Write out the data below exactly as given, without any of its pictures.

Start of Data block

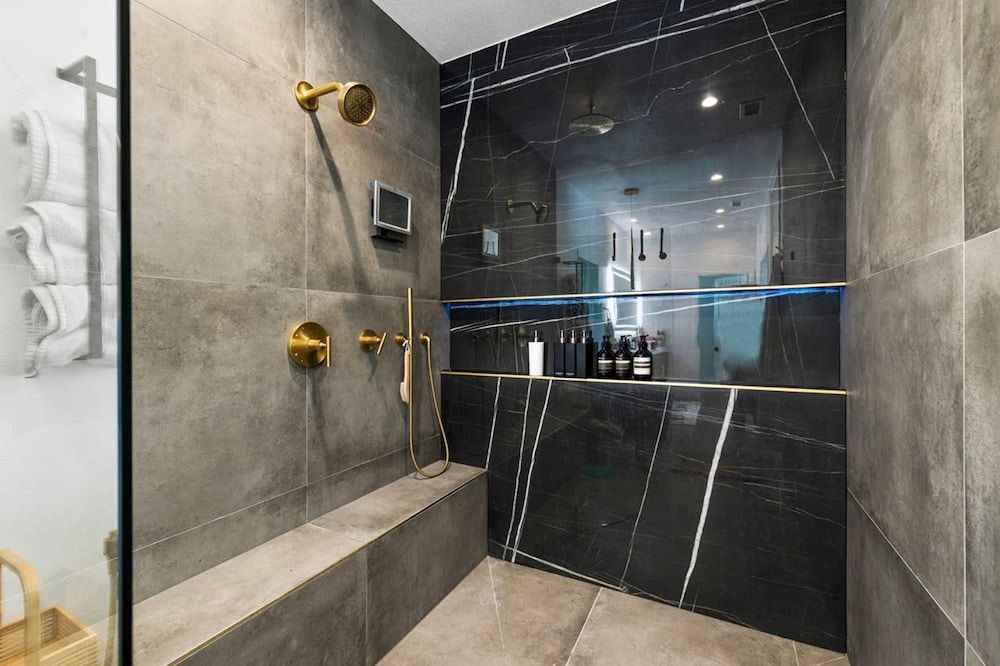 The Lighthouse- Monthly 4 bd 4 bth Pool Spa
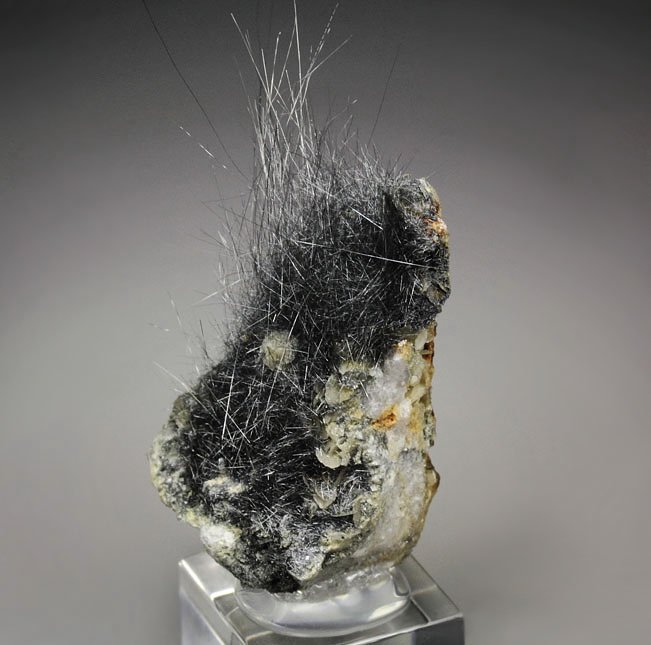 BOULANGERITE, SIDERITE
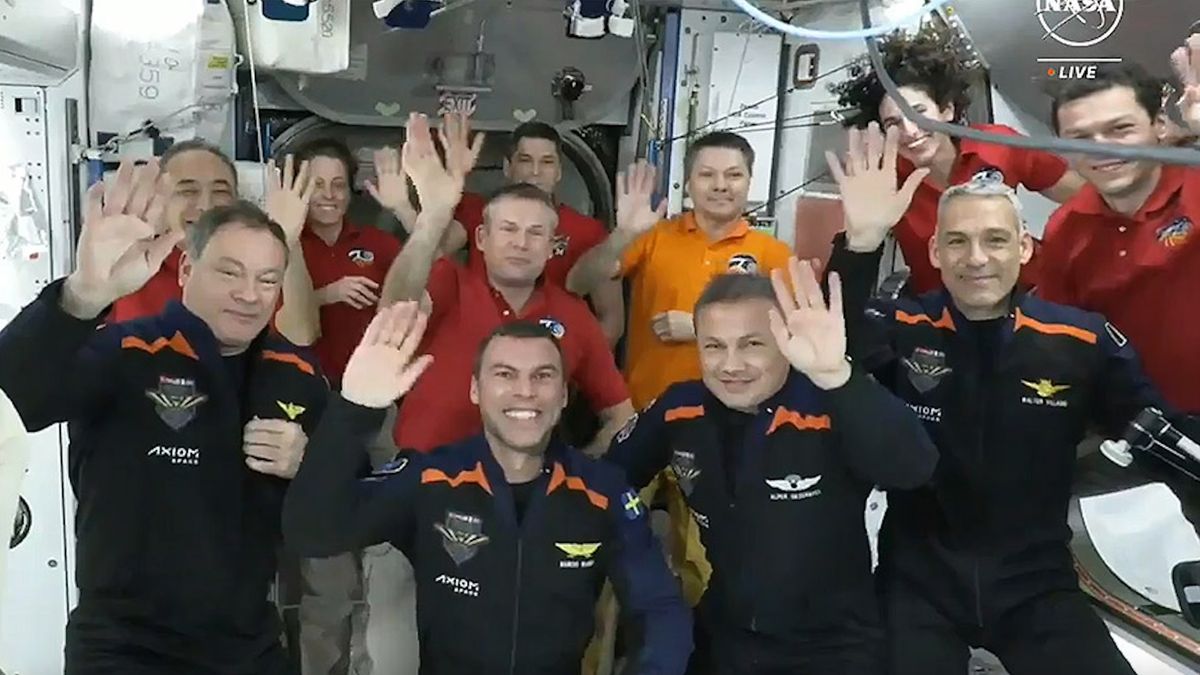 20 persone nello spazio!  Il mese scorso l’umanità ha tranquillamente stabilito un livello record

End of Data block

**Expected answer**
 The Lighthouse- Monthly 4 bd 4 bth Pool Spa
 BOULANGERITE, SIDERITE
 20 persone nello spazio!  Il mese scorso l’umanità ha tranquillamente stabilito un livello record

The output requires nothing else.